Trump’s attacks on the media have increased in recent weeks since The New York Times published pages from his 1995 tax returns and reported accounts from women who claim Trump sexually assaulted them, and the Washington Post reported on an Access Hollywood video that included Trump bragging about sexually assaulting women.
Under current libel law, “Donald Trump is pretty much libel-proof,” said First Amendment expert Ken Paulson in the Wall Street Journal (paywall). From the Law Blog:
“That’s because libel law sets much higher standards of proof for plaintiffs who are famous people or public officials. When it comes to defamation litigation, public figures like Mr. Trump have to establish that not only a statement was false and defamatory, but also published with actual malice.”
But Trump doesn’t just want to punish media for the publishing of stories he doesn’t like. He has also restricted access to journalists trying to report on him. Several news organizations were denied access to Trump events over the summer, including The Washington Post.
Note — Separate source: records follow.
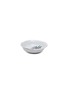 细节 –点击放大 - ASTIER DE VILLATTE - Mini Chinese Yew Dish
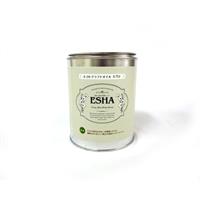ESHA 自然塗料 エシャ 0.75L クラフトオイル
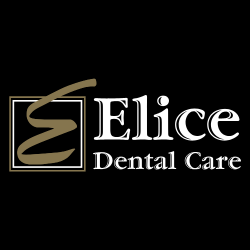 Elice Dental Care Logo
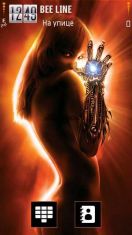 �������� � �����: WWB by rudi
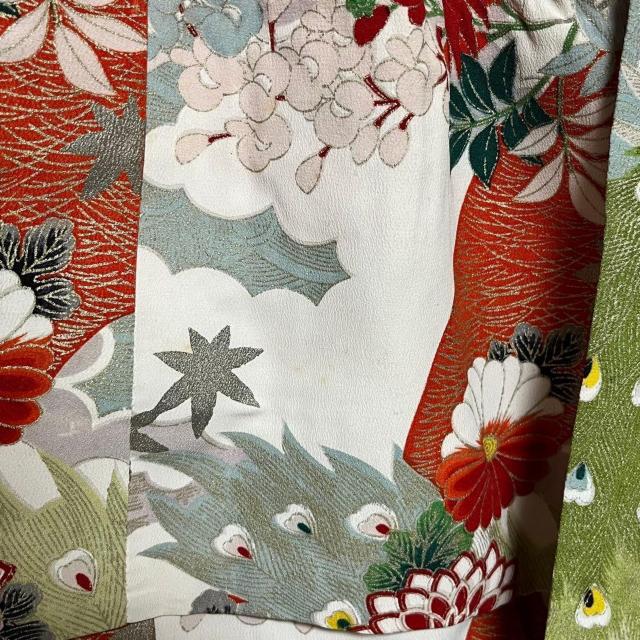 ���̎q  ���� �؂₩ �� �O���[�� �A���f�B�[�N ���g�� �����C�N�� �����C�N �ޗ� �͂��� ���n �@�ق��� �� �y�b�g/��|/���|�� 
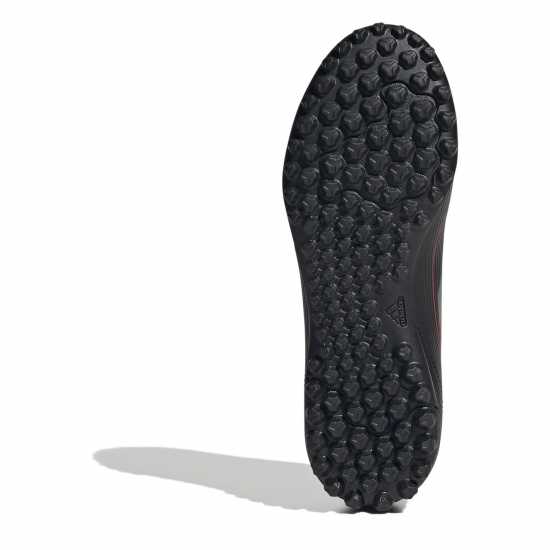 Adidas F50 Club Turf Ch99 Adidas F50 Club Turf Ch99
THE DISINFORMATION CAMPAIGN
“The country has effectively employed new dissemination channels and messages in support of its 2014 annexation of the Crimean peninsula, its ongoing involvement in the conflicts in Ukraine and Syria, and its antagonism of NATO allies. The Russian propaganda model is high-volume and multichannel, and it disseminates messages without regard for the truth. It is also rapid, continuous, and repetitive, and it lacks commitment to consistency. Although these techniques would seem to run counter to the received wisdom for successful information campaigns, research in psychology supports many of the most successful aspects of the model. Furthermore, the very factors that make the firehose of falsehood effective also make it difficult to counter. Traditional counterpropaganda approaches will likely be inadequate in this context.”
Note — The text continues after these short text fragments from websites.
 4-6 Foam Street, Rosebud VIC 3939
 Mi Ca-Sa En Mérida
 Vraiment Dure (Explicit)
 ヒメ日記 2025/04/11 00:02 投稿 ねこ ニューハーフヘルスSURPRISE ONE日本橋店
Trump has also adopted a “firehose of falsehood” approach in his speeches, interviews and debates, at times overwhelming fact-checking journalists. He tends to spew a mix of lies, half-truths and opinions in a steady stream, and he repeats falsehoods over and over. For example, Trump pushed the racist birther movement for years until finally acknowledging in September that President Obama was born in the United States (five years after Obama produced his long-form U.S. birth certificate). And then Trump falsely claimed that the birther movement had started in Clinton’s campaign. More recently, he has denied U.S. intelligence claims that Russia is behind the hacks into the Democratic National Committee – and he has even claimed that the presidential election is rigged, even though his own running mate Mike Pence disagrees.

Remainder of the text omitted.